How to parallelise the snap

egeyumi · September 26, 2021, 9:20pm

I am working snap on 48 core 128gb ram computer. But still get the same speed as my 4 core 16gb computer. The first one makes at least 8 of my pc, so is there a way to make the process parallelise in a computer.

ABraun · September 27, 2021, 5:42am

Did you already increase the memory available to SNAP?
Instructions on how to do that are given here: I’m getting the error “Cannot construct DataBuffer”, “GC overhead limit exceeded” or “Java Heap Space”. What can I do?

Info you gave 128 GB RAM, you can try inserting 80G or even 90G

marpet · September 27, 2021, 6:40am

In general SNAP does the parallelization automatically, but it does it on a tile basis. The data is split into tiles and each is calculated on a separate thread. But if your data has only 4 or 8 or 2 tiles, then only these number of threads are used. The number of tiles depends on the size of your input images and also how the tiling is defined by the data format.
Beside this there are algorithms which prevent a meaningful parallelization based on tiles because they need the full image as input, for example.
You can change the default tiling.
When using gpt you can set this property:

-Dsnap.jai.defaultTileSize=100
The default tile size is 512.
You can also put this into the gpt.vmoptions file

You can also change the value for this property in snap.properties ($INSTALL_DIR/etc/), then also the tiling in SNAP Desktop is changed.

egeyumi · September 27, 2021, 1:15pm

Thank you I am waiting to talk to professor to download notepad++ to change those, the computer can’t open the files somehow.

egeyumi · September 27, 2021, 1:18pm

Thank you for your reply. But will it be strange if I say I didn’t understand. Is just changing in snap.properties enough or do I need to also add Dsnap.jai.defaultTileSize=100 line to a gpt.vmoptions file ? Basicly what I want to ask is that doing only one option is necessary right? Or doing 2 simultaneously is advisable ?

marpet · September 28, 2021, 6:19am

Changing the snap.properties is enough. This has affects both gpt and commandline.
But sometimes you only want to change it for a certain processing or only for the command line. The you can go for the other options.

gnwiii · September 29, 2021, 10:33am

It is possible that disk I/O speed is a bottleneck. I used to run batch processing on a 24-core system with a single hard disk, borrowed from a numerical modelling project. Using GNU parallel and the NASA IOCCG processing system, more than 6 processes did not increase thruput. For numerical models, a single hard disk was adequate, but for remote sensing workloads disk I/O speed is often more critical than the number of cores.

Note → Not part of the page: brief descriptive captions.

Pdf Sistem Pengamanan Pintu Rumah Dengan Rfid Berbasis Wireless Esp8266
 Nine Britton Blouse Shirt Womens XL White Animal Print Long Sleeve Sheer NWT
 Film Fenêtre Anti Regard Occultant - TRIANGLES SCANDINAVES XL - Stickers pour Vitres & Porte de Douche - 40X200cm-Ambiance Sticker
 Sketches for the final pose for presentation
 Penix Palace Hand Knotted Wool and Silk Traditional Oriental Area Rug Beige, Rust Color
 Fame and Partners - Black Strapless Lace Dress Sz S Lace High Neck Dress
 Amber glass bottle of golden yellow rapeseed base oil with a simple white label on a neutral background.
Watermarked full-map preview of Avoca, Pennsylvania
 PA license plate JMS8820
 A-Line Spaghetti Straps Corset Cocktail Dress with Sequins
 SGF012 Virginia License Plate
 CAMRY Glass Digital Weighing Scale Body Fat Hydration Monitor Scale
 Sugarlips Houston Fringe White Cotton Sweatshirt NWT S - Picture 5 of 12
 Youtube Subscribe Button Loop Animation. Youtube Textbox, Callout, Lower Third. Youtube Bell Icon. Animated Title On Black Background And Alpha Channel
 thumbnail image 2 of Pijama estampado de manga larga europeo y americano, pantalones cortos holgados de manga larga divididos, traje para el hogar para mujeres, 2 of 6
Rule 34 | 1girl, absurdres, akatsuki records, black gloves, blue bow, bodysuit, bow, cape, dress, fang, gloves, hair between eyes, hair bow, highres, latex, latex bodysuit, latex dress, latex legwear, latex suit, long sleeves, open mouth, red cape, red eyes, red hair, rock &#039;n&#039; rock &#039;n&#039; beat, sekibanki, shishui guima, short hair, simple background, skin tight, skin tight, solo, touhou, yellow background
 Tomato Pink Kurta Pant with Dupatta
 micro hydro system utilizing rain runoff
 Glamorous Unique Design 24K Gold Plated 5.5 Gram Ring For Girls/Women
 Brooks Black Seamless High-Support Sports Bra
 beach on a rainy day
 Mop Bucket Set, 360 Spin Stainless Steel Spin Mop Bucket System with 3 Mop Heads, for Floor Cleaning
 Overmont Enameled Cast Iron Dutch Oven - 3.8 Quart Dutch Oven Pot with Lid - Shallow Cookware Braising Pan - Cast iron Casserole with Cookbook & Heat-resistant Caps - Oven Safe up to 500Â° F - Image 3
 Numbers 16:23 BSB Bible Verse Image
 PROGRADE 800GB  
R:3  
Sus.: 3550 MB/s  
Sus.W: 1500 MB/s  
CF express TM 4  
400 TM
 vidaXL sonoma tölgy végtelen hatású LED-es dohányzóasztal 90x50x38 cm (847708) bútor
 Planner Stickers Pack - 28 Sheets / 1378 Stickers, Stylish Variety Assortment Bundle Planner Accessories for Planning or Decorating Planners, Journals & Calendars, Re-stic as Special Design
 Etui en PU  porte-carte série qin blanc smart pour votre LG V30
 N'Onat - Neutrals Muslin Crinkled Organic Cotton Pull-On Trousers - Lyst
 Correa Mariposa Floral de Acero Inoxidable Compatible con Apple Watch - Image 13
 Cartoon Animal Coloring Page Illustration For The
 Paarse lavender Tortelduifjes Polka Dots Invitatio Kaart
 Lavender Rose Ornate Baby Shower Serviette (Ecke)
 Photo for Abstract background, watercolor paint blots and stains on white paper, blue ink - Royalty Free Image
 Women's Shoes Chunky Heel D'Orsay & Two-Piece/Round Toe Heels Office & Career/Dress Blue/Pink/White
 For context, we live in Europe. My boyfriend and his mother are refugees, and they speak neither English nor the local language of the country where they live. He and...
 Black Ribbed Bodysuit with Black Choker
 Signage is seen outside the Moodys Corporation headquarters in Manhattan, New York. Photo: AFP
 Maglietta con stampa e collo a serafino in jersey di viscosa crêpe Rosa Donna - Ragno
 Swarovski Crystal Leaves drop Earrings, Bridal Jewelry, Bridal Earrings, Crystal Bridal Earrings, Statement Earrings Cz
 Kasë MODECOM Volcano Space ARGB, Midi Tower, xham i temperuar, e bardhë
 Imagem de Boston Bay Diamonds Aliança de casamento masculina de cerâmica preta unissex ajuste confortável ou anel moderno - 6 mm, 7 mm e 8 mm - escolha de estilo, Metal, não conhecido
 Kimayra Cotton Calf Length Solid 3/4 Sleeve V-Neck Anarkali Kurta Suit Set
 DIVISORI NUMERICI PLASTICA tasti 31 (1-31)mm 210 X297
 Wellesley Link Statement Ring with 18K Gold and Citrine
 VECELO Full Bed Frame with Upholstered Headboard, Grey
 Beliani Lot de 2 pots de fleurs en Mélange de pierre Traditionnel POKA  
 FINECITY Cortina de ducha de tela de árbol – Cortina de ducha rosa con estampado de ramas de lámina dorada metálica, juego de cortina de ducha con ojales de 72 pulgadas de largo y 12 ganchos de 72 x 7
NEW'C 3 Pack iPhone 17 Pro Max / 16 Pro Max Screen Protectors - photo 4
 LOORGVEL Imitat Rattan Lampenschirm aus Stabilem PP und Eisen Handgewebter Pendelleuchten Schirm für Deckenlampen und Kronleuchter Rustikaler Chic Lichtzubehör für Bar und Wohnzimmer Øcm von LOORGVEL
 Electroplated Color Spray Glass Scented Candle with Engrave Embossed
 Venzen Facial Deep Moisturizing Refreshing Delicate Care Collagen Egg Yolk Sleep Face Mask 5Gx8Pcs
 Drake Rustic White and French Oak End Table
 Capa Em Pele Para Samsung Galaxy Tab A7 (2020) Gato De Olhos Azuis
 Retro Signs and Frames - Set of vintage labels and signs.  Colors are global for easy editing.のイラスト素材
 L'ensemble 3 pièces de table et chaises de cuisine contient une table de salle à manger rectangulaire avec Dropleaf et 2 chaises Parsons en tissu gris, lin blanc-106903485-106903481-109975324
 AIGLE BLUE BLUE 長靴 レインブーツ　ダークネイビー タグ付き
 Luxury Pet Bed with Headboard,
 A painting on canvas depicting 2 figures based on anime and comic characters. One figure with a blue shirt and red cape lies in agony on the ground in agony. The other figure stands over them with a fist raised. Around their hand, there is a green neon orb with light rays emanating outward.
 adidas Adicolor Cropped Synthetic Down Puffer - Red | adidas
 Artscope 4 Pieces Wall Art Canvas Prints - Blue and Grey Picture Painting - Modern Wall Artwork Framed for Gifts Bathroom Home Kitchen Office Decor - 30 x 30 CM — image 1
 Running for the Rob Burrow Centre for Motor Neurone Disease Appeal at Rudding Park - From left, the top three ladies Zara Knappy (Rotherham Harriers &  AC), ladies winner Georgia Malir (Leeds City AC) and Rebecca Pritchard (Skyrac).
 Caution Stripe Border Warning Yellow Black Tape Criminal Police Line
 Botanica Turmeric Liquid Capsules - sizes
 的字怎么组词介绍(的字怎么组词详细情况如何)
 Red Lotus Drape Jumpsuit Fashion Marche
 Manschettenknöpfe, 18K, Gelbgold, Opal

egeyumi · October 1, 2021, 2:06pm

Is there any way to circumvent it that you can advise ?

gnwiii · October 1, 2021, 3:39pm

Performance optimization is complicated, but worthwhile if you have 1000’s of
batch tasks to run. There are different RAID types if you can afford multiple drives, and large SSD’s are a whole different price category and performance level. A typical
configuration uses “compute servers” with striped internal drives for fast “scratch” storage and a separate high-end and high reliability storage system with replication to an offsite data centre. Each task will have a different point of diminishing returns for
the number of parallel jobs which you have to determine by experimentation and use of monitoring tools.

Intel’s multi-core CPU’s with NUMA memory often have counter-intuitive performance characteristics due to cache usage. If the system is used for other tasks it can be difficult to get reproducible performance. Some systems reduce CPU speed to control CPU temperatures when running CPU-intensive tasks on many cores, so you may need to monitor CPU core temperatures while trying to tune performance. There are also scheduling systems that will run batch tasks during off-peak hours. A system can be used for interactive visualization (e.g., quality control checks) during the day can work through a list of batch jobs at night.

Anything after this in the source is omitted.